#### How to complete this task:
Leaving the images out, output each entry below exactly.

# # # #

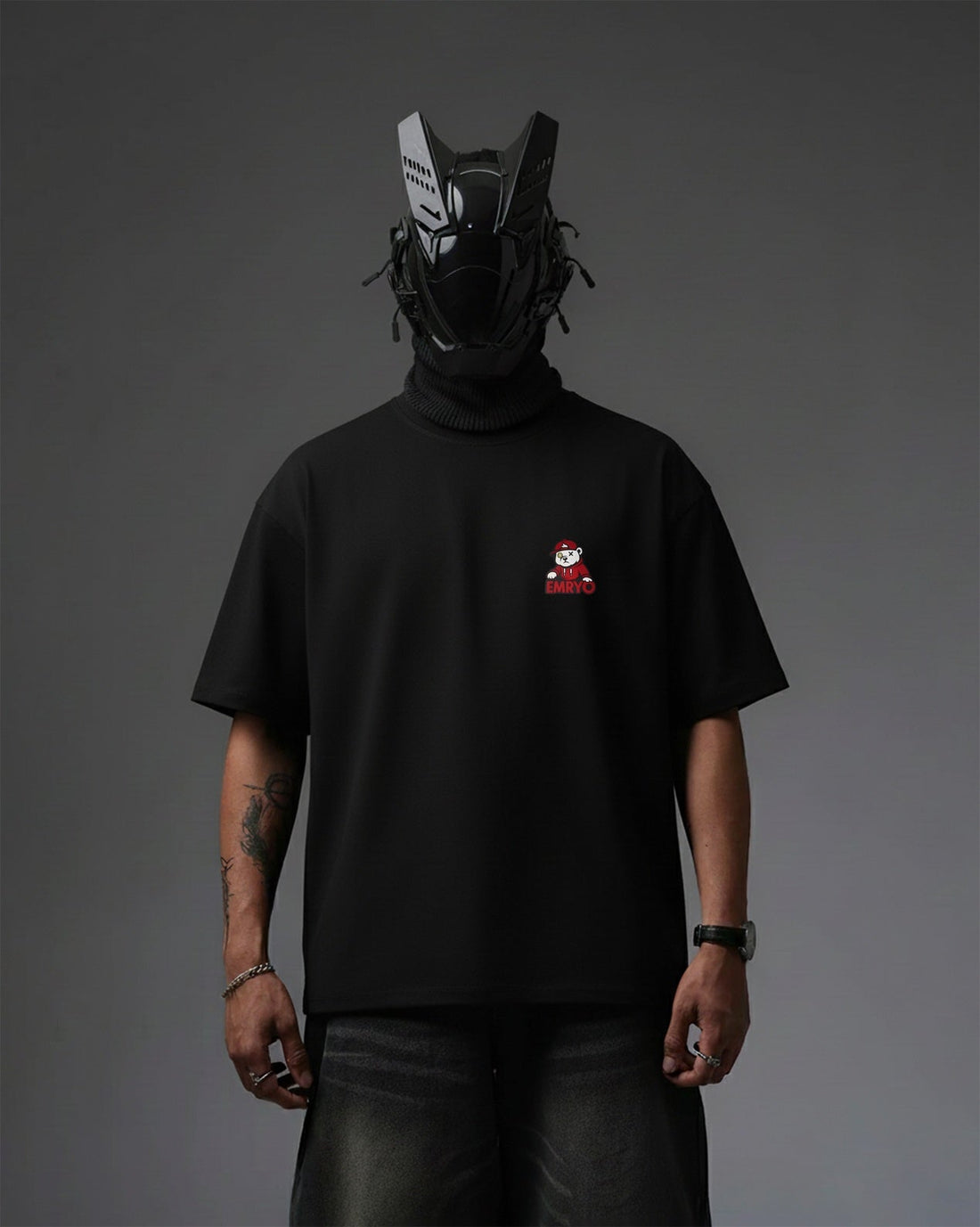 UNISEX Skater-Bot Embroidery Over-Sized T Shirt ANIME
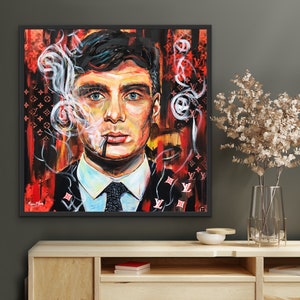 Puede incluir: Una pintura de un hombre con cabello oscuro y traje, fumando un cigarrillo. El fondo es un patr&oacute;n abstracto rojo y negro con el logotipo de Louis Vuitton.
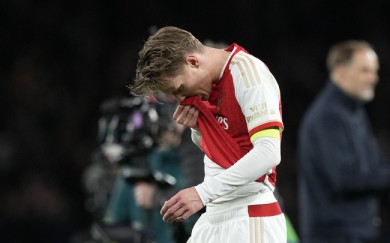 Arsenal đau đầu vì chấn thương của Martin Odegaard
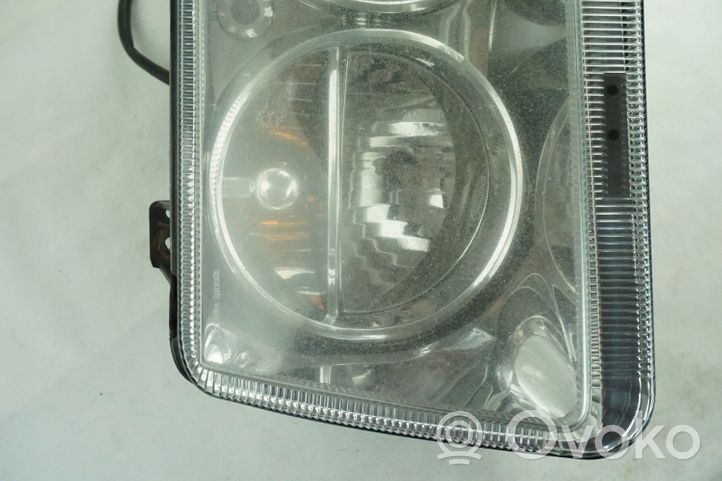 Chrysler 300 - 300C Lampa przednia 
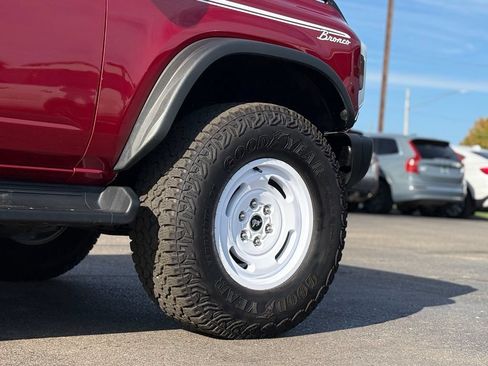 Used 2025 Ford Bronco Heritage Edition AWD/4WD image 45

# # # #

#### Answer for this exercise:
 UNISEX Skater-Bot Embroidery Over-Sized T Shirt ANIME
 Puede incluir: Una pintura de un hombre con cabello oscuro y traje, fumando un cigarrillo. El fondo es un patr&oacute;n abstracto rojo y negro con el logotipo de Louis Vuitton.
 Arsenal đau đầu vì chấn thương của Martin Odegaard
 Chrysler 300 - 300C Lampa przednia 
 Used 2025 Ford Bronco Heritage Edition AWD/4WD image 45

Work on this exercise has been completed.